Guidelines for the Arrest & Detention of Foreign Nationals in the U.S.

Special Advisory

Guidelines for the Arrest & Detention of Foreign Nationals in the U.S.
(Updated March 29, 2005)

Law Enforcement Obligations When Foreign National Is Arrested Or Detained Remain UNCHANGED Despite Recent U.S. Actions

The United States' recently formally withdrew from the "Optional Protocol" to the Vienna Convention on Consular Relations (VCCR). It is the Vienna Convention that obligates law enforcement to notify consular officials when foreign nationals are arrested or detained. You may have wondered what effect the United States' withdrawal from the Optional Protocol might have on NOTIFICATION obligations. The United States' actions DO NOT AFFECT notification obligations.

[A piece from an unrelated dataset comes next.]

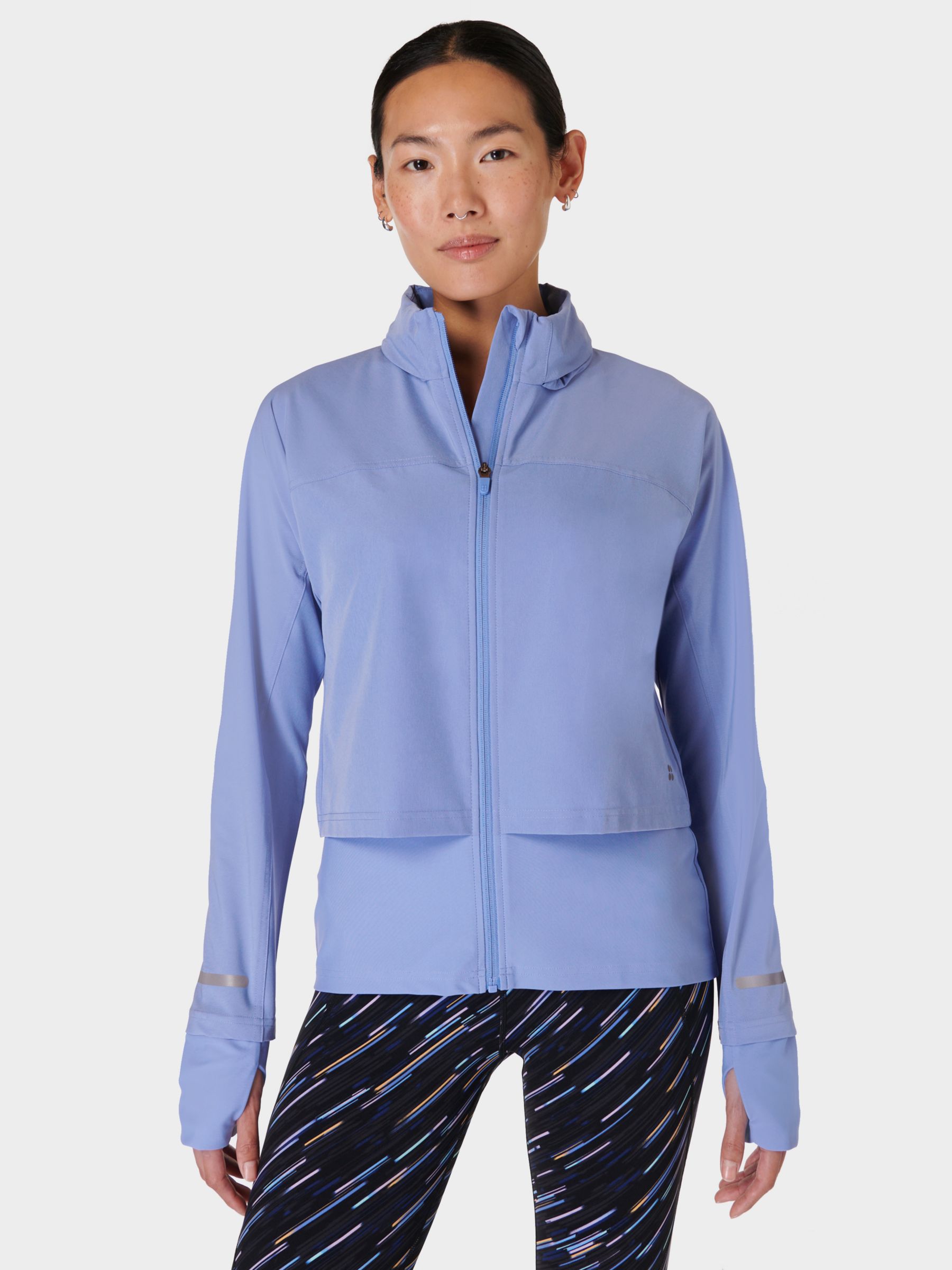 Sweaty Betty Fast Track Running Jacket, Cornflower Blue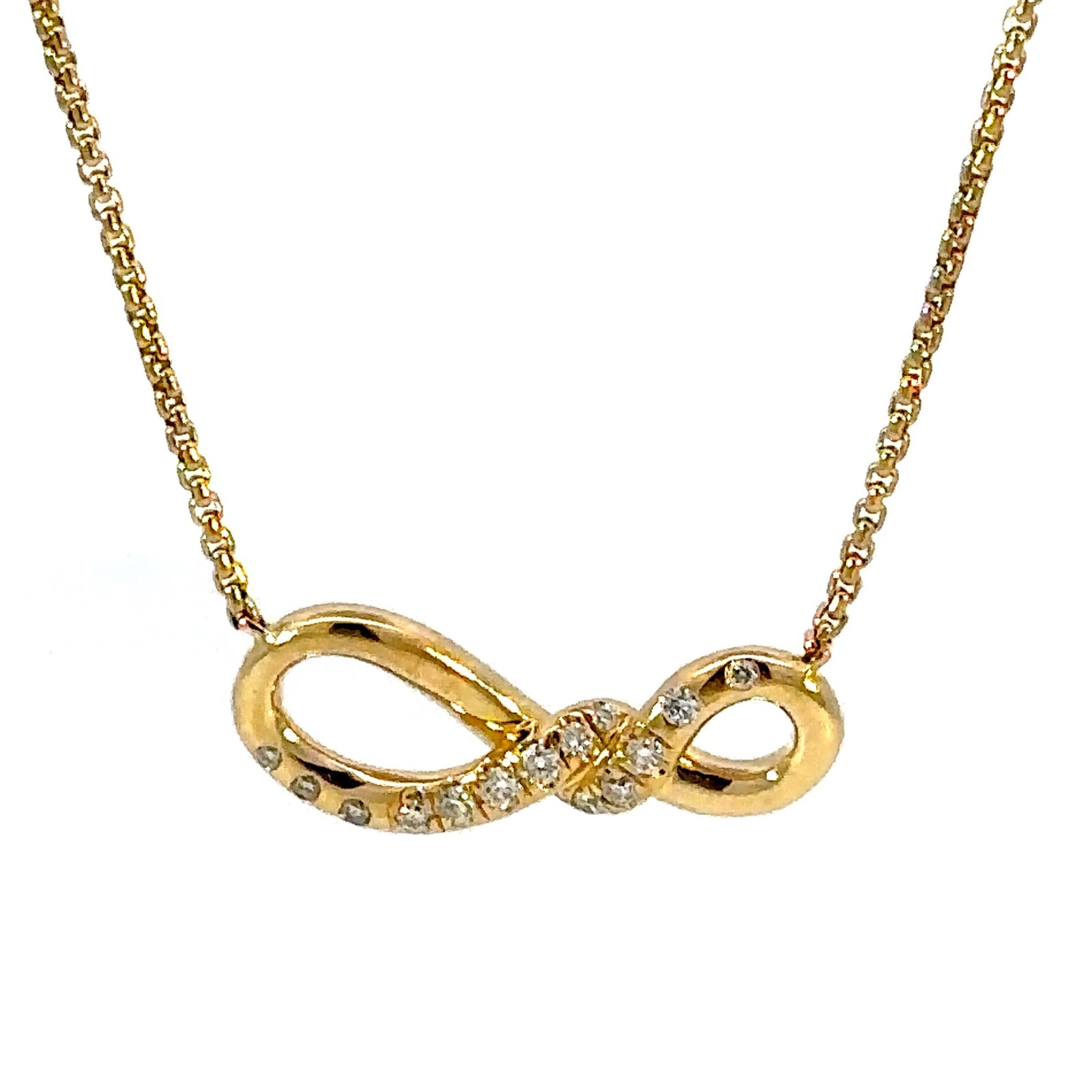 David Yurman 18K Yellow Gold Diamond Continuance Pendant Necklace 16″ – J378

ALL CONSULAR NOTIFICATION AND ACCESS REQUIREMENTS ARE COMPLETELY UNCHANGED AND REMAIN IN EFFECT. The United States has not withdrawn from the Vienna Consular Convention, and remains committed to its principles and provisions. The U.S. State Department has posted an announcement regarding this matter on its consular notification and access website, at http://travel.state.gov/.


(Updated July 31, 2002)

There are special procedures governing the arrest and detention of foreign nationals, deaths of foreign nationals, the appointment of guardians for minors or incompetent adults who are foreign nationals, and related issues pertaining to the provision of consular services to foreign nationals in the United States. These procedures govern all foreign nationals, whether they are this country legally or illegally. Instructions, forms, prepared statements and guidance can be found on the U.S. Department of State web site at http://travel.state.gov/

Included below is information pertaining to steps to follow when a foreign national is arrested or detained, as well as details regarding mandatory notification of consular officials.

Additional Links:

U.S. Guidelines for Notification and Access re: Foreign Nationals: http://travel.state.gov/
1999 Archived U.S. Guidelines: www.state.gov/www/global/legal_affairs/ca_notification/ca_prelim.html


Steps to Follow When a Foreign National is Arrested or Detained
(For full instructions, you are advised to review the U.S. Department of State web publication located at http://travel.state.gov/
  1. Determine the foreign national's country. In the absence of other information, assume this is the country on whose passport or other travel document the foreign national travels.
  2. Determine from the mandatory notification list below whether or not notification must be made to the consulatre of the foreign national's country.
  3. If the foreign national's country is not on the mandatory notification list:
  4. If the foreign national's country is on the list of mandatory notification countries:
  5. Notify that country's nearest consular officials, without delay, of the arrest/detention. Phone and fax numbers are at http://travel.state.gov/content/travel/en/consularnotification.html and you may use the suggested fax sheet for making the notification.
  6. Tell the foreign national that you are making this notification. A suggested statement to the foreign national is found in Statement 2 below, and translations into selected languages are found at http://travel.state.gov/content/dam/travel/CNAtrainingresources/CNAManual_Feb2014.pdf
  7. Keep a written record of the provision of notification and actions taken.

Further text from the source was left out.